# Kleinere Probleme am Anfang....

## nono

Hi,

also ich arbeite jetzt seit 2 Tagen mit Gentoo und muß ehrlich gestehen, dass das Ganze doch recht einfach ist, wenn man etwas Geduld mitbringt und ab und zu auch jmd findet, der einem noch einen Tipp geben kann....

Und deshalb bin ich auch hier.   :Wink: 

Also dass Evolution beispielsweise Englisch ist, stört mich eigentlich gar nicht, aber was mir tierisch auf den Nerv geht, ist die Englische Rechtschreibprüfung. Ich hab zwar alle Menüs durchgesehen, aber nicht wirklich etwas gefunden....

Hat da jmd eine Idee, wie ich die englische Rechtschreibprüfung abstellen kann...?
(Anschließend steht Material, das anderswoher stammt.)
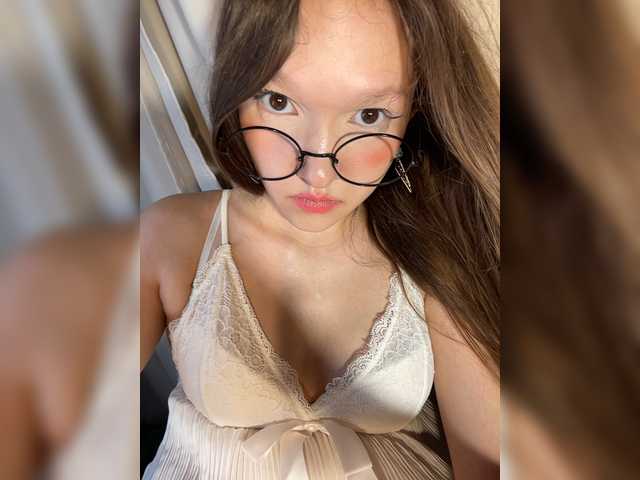 Cute-Lolly live cam on BongaCams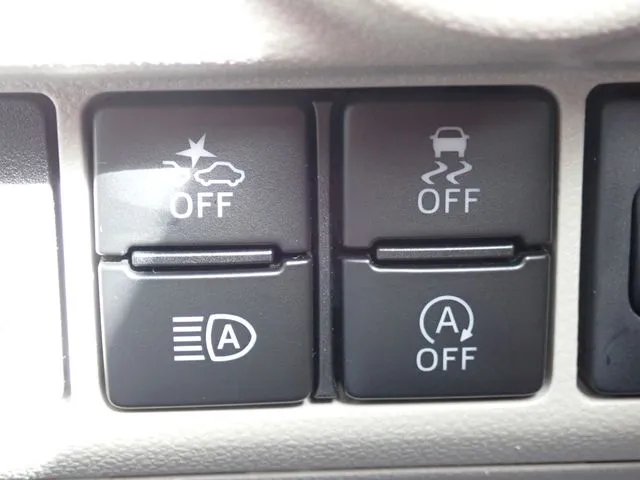 ムーヴ（ダイハツ）の車両写真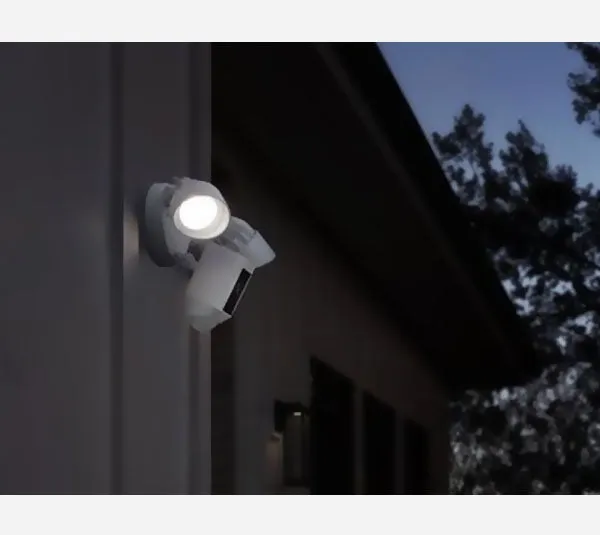 LED Security Light With Camera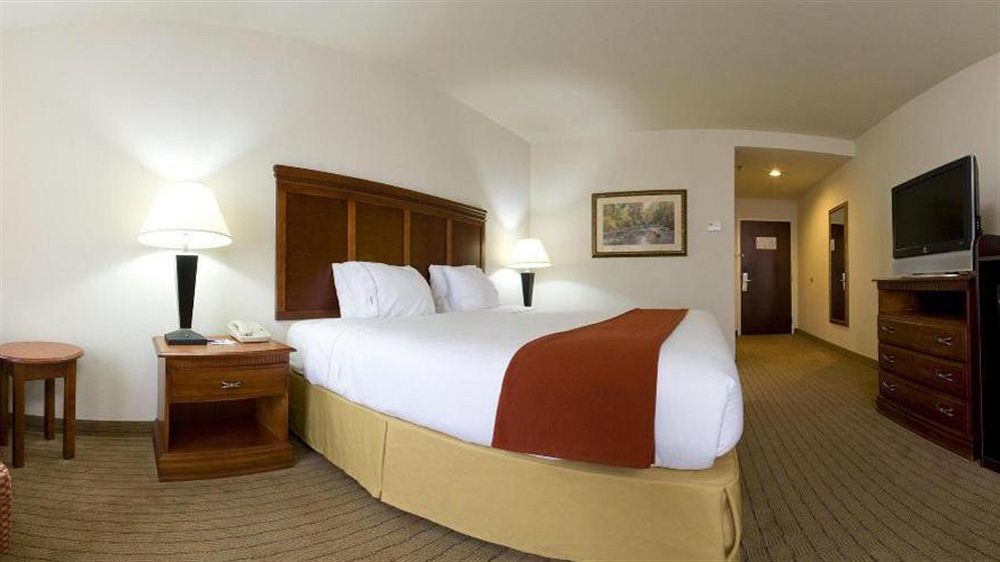 Holiday Inn Express & Suites Dyersburg By Ihg Eksteriør bilde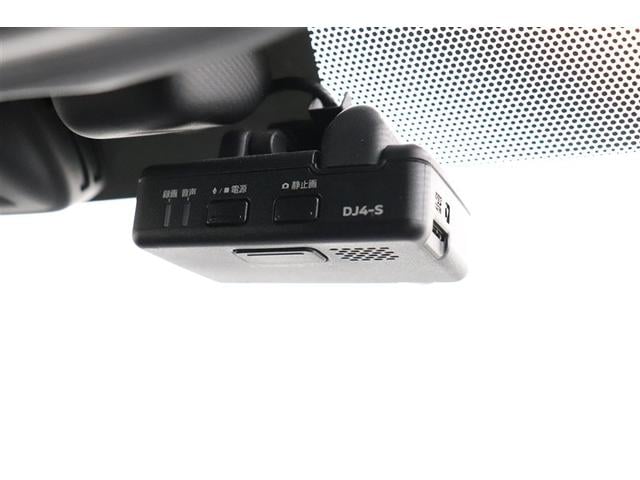 ノート ｅ－パワーニスモ　ＬＥＤランプ　地デジ　ミュージックプレイヤー接続可　横滑り防止機能　ワンオーナー車　クルコン　Ｂカメラ　メモリーナビ付き　ＤＶＤ　フルオートエアコン　スマートキープッシュスタート　Ｗエアバッグ　アルミ（9枚目）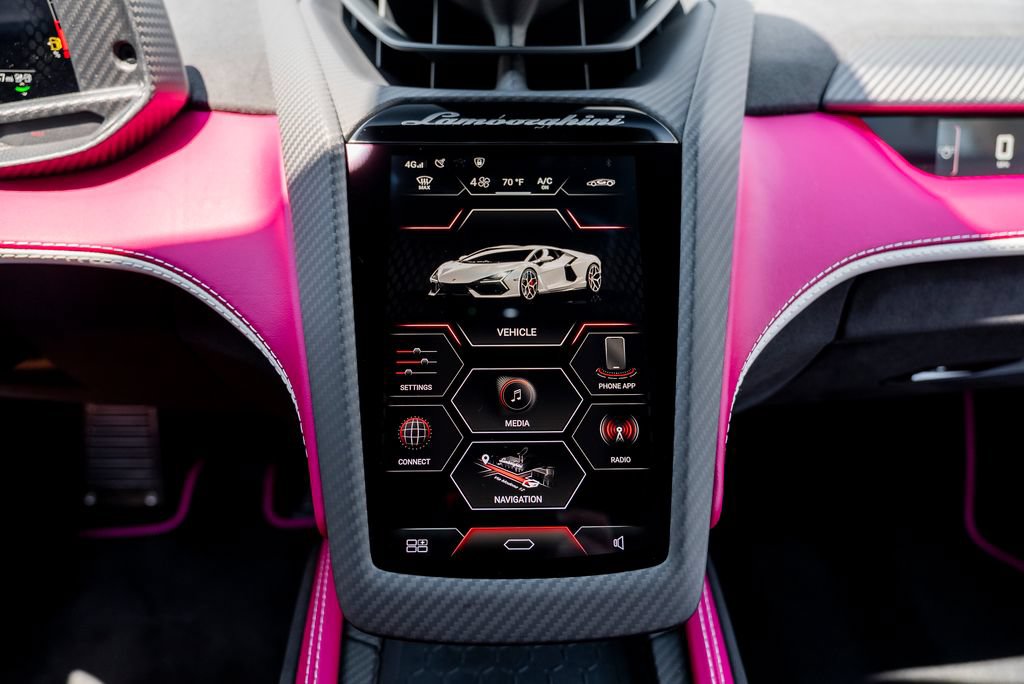 Used 2025 Lamborghini Revuelto AWD/4WD image 66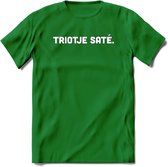 Triotje Sate - Snack T-Shirt | Grappig Verjaardag Kleding Cadeau | Eten En Snoep Shirt | Dames - Heren - Unisex Tshirt | - Donker Groen - XL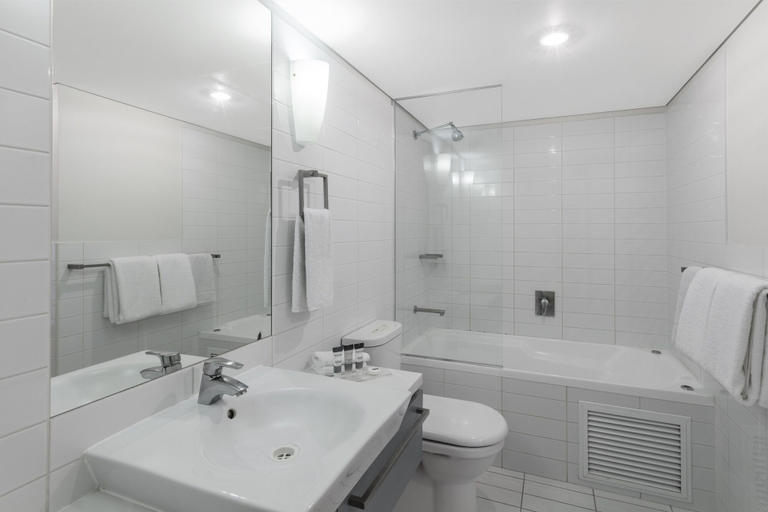 Bathroom 5, Oaks Adelaide Horizons Suites, Adelaide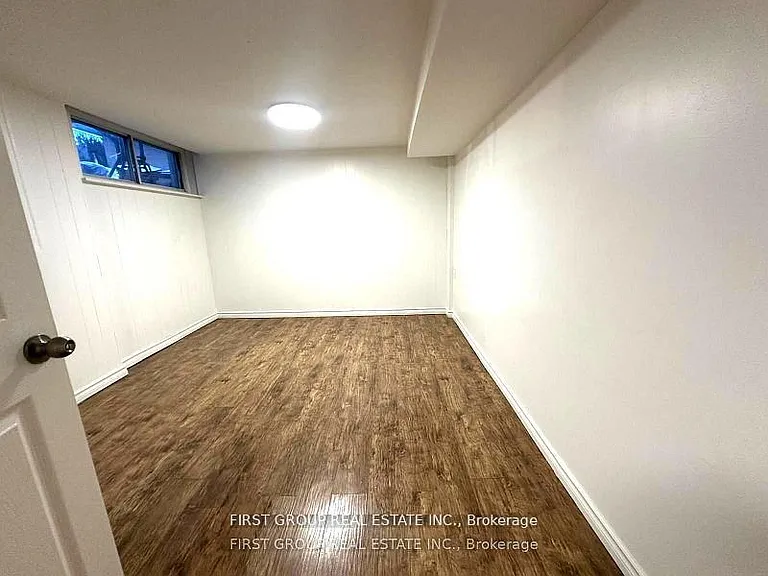 9 Hoshlega Dr #BASEMENT — Photo 7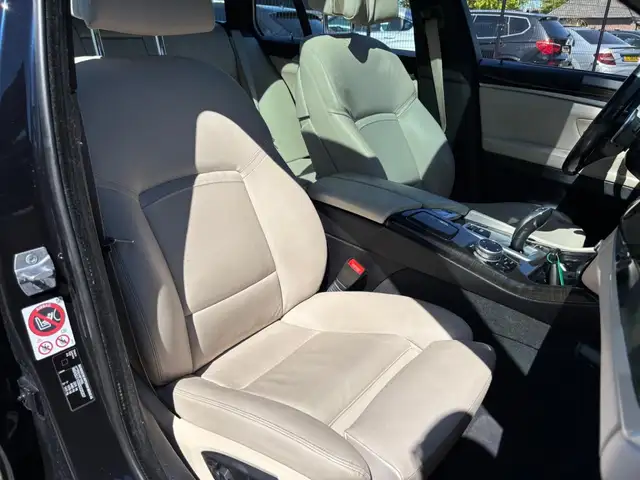 BMW 5 Series view 13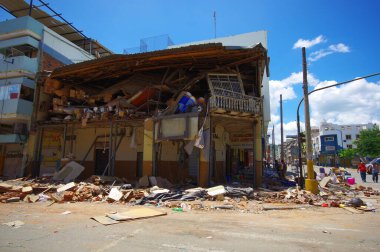 Portoviejo, Ekvador - 18 Nisan 2016: Şehir merkezini ve Manabi ilinin büyük bölümünü yok eden 7.8 depremin ardından meydana gelen etkiyi gösteren bina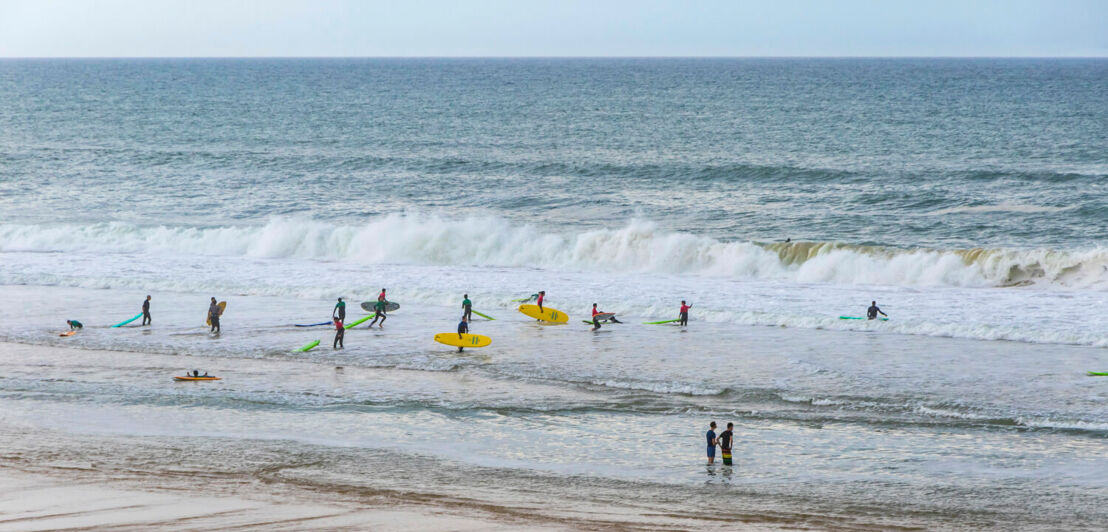 Surfer am Strand von Lacanau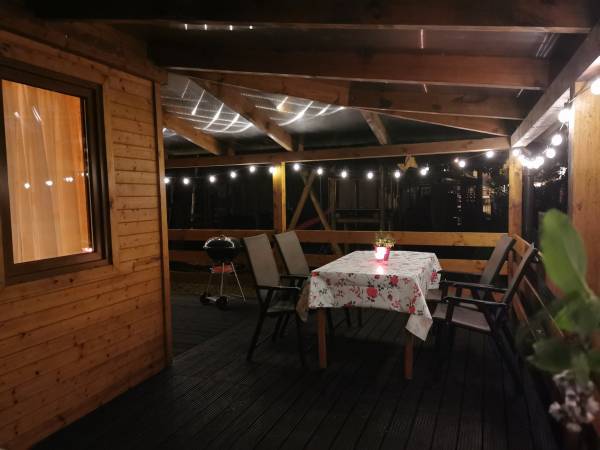 Romantyczny klimat na tarasie wieczorową porą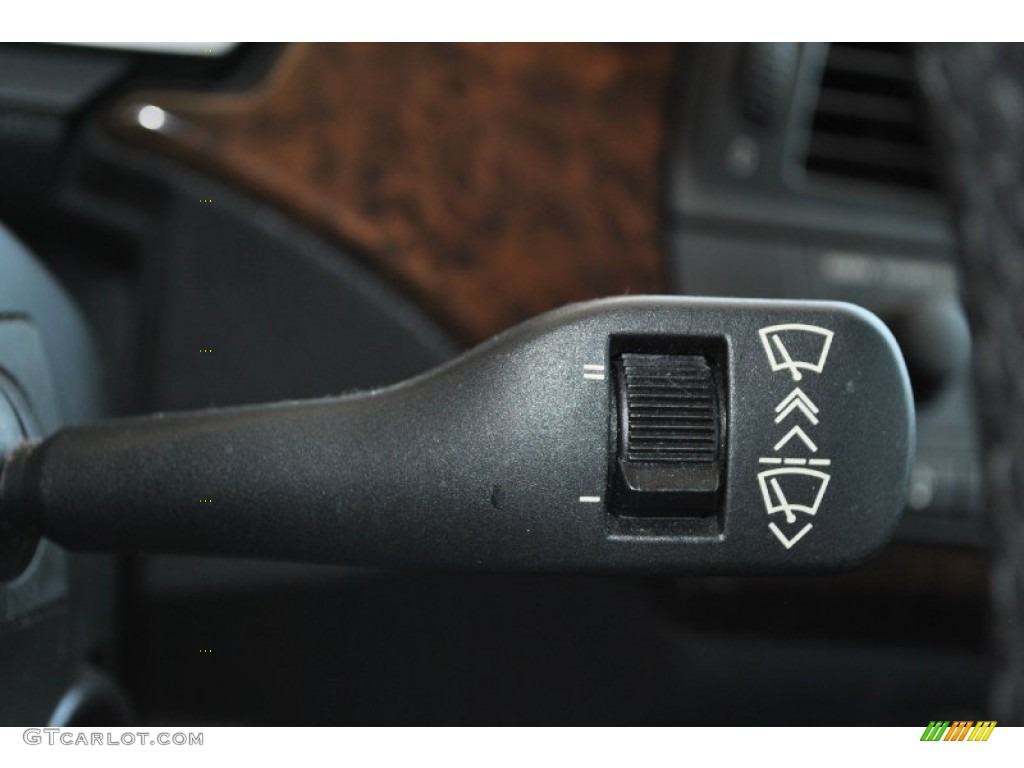 2007 BMW Z4 3.0si Coupe Controls Photo #51475104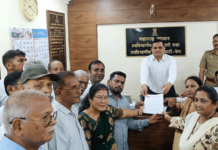 सेझ नोंदी रद्द करून सातबारा कोरा करा! शेकडो शेतकऱ्यांची प्रांताधिकारी कार्यालयावर धडक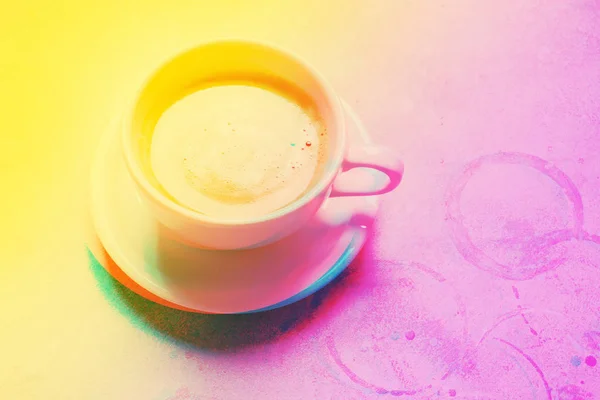 Белая чашка свежего кофе разбросаны зерна вредно — стоковое фото
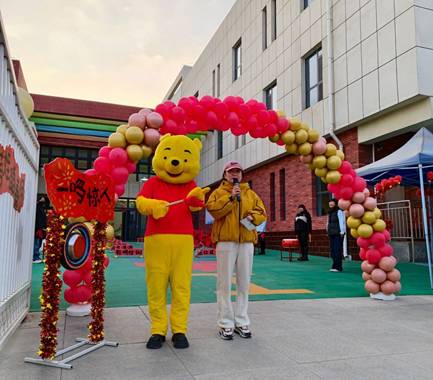 “萌娃踏春归，小马伴我行”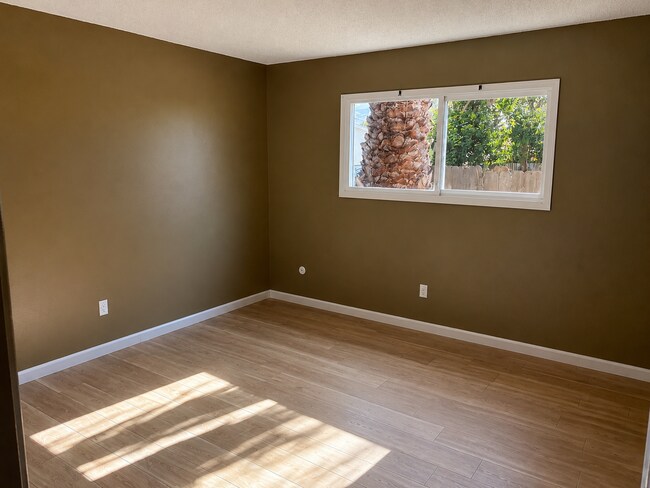 Foto del edificio - 1271 Murray Ave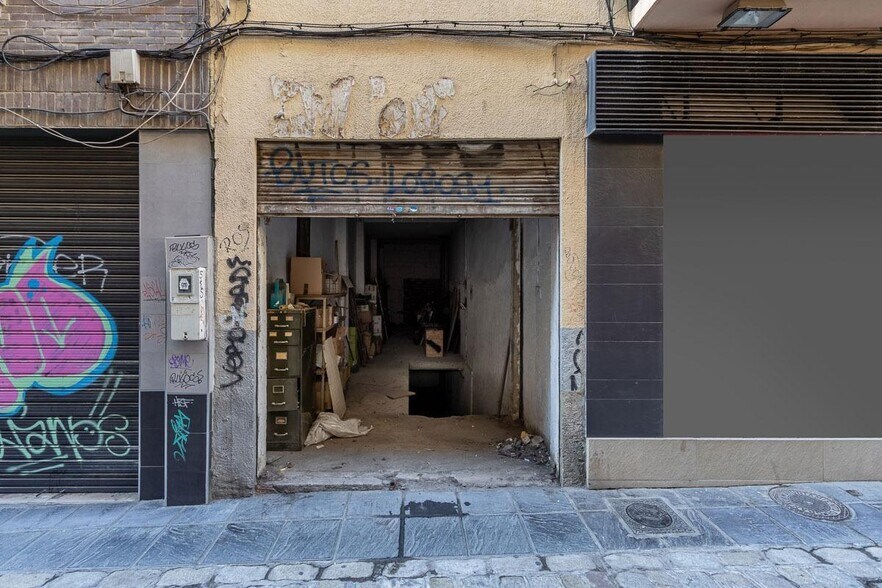 Local commercial dans Granada, Granada à vendre - Photo de l’immeuble – Image 3 sur 16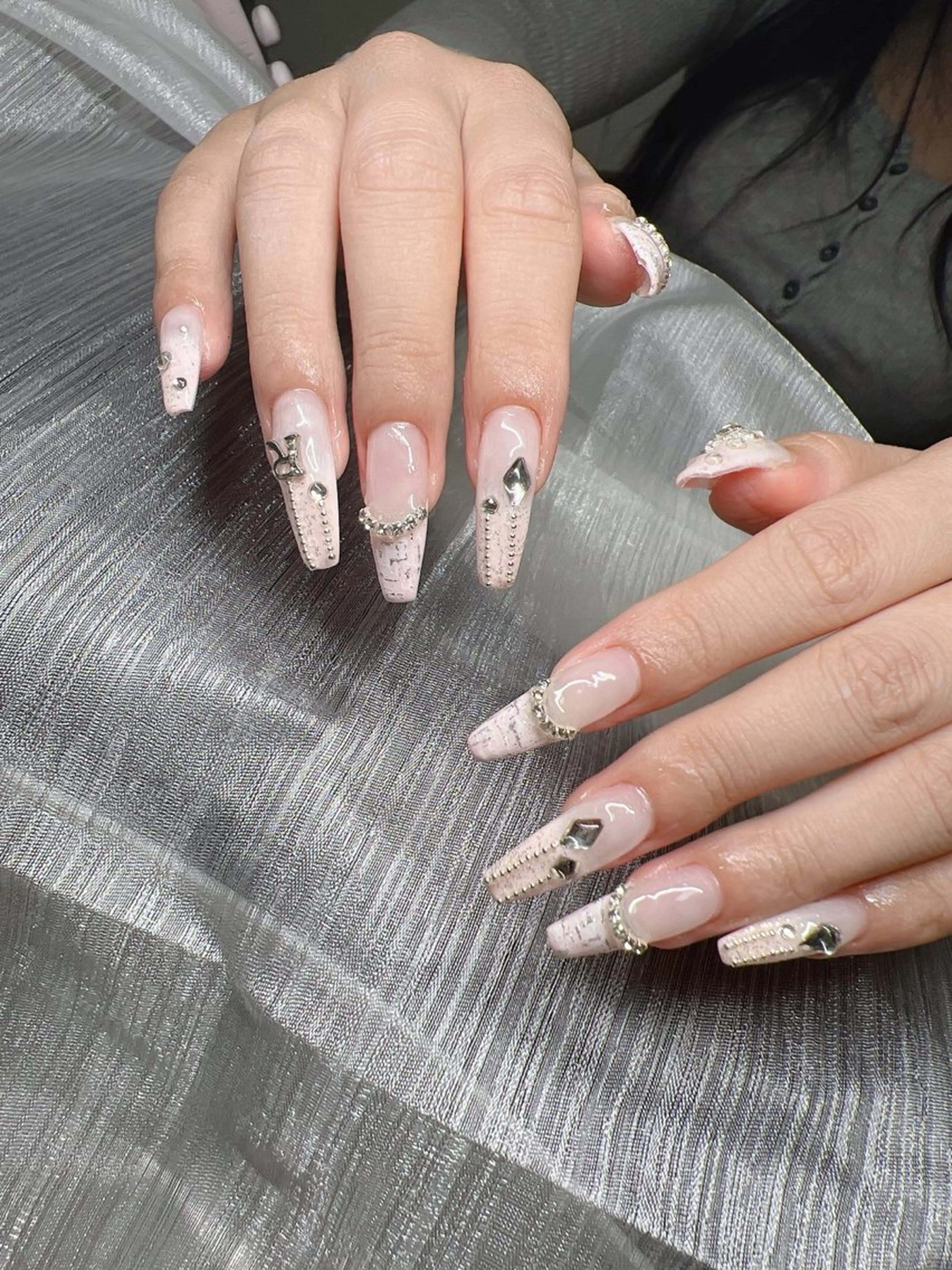 ネイル マグネットネイル ピンク ネイルチップ 冬ネイル Lee Nailsのネイルデザイン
Anonsten ist Gentoo das Beste, was ich bisher erlebt hab....

Thanx, Nono.

Edit: Hat sich schon erledigt... https://forums.gentoo.org/viewtopic.php?t=4205&start=0&postdays=0&postorder=asc&highlight=evolution

----------

## Altanos

Hi,

wie währe es mit einem emerge search ispell?    :Idea: 

Wenn Du emerge ispell-de machst, hast Du jedenfalls schonmal die deutsche Rechtschreibung auf dem Rechner, die musst Du nur noch in Deinen Anwendungen einstellen. Z. B. im Kontrollcenter von KDE unter persönliche Einstellungen / Rechtschreibung.  :Wink: 

CU

Altanos

----------

## nono

Hi,

gute Idee... Danke.   :Wink: 

Ciao, Nono.

----------

## STiAT

für die deutschsprachigen programme kamma aber auch die std language auf de stellen, dann is alles deutsch, siehe deutsche localisation guide @ gentoo.de

----------